▶ _What you will do_: Whenever an image turns up, omit it and return the remaining data exactly.

▶ _Recorded data_:
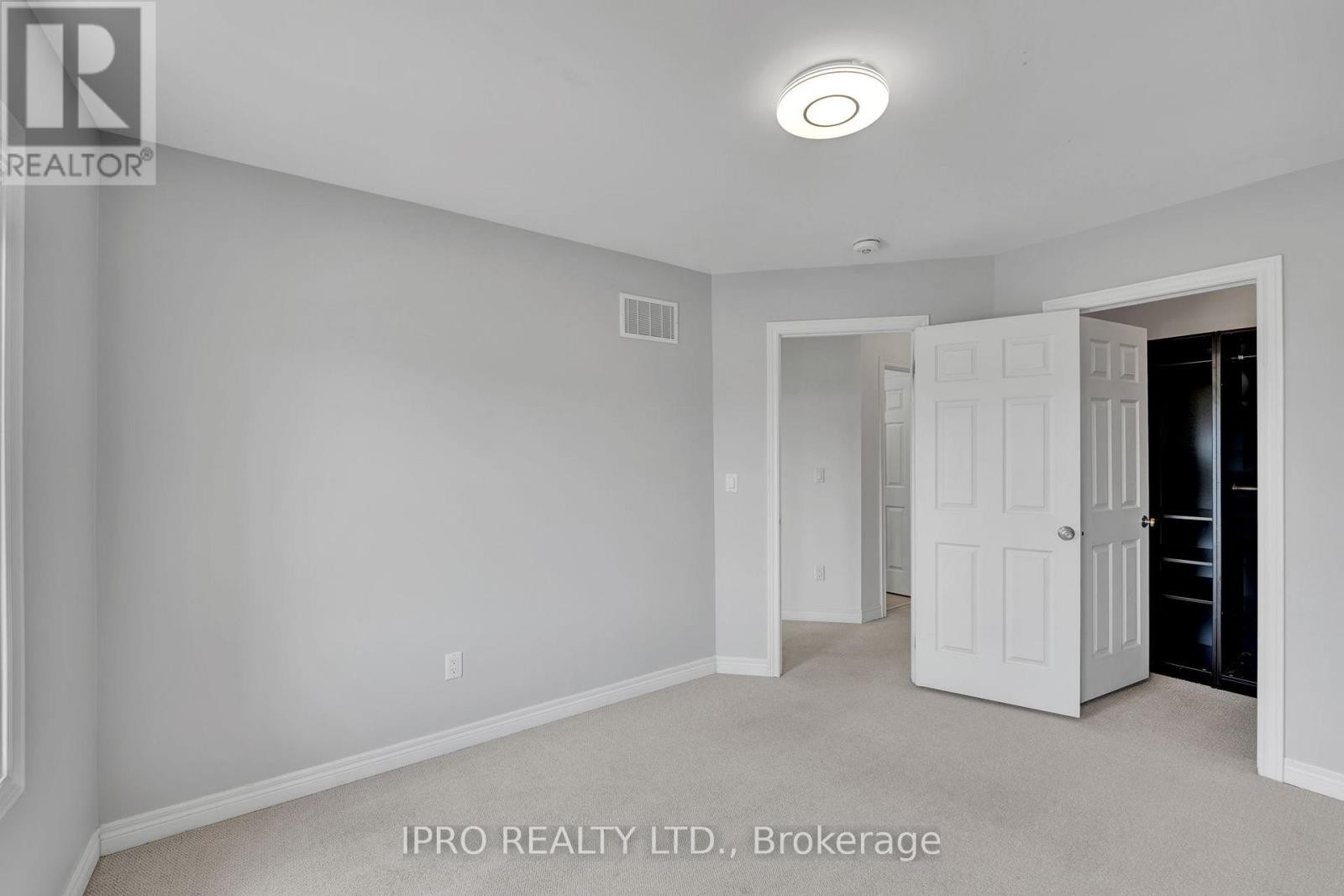 












128 BRIDLEWOOD BOULEVARD

,
Whitby (Rolling Acres),




Ontario
L1R0N2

▶ _Result below_:
128 BRIDLEWOOD BOULEVARD

,
Whitby (Rolling Acres),




Ontario
L1R0N2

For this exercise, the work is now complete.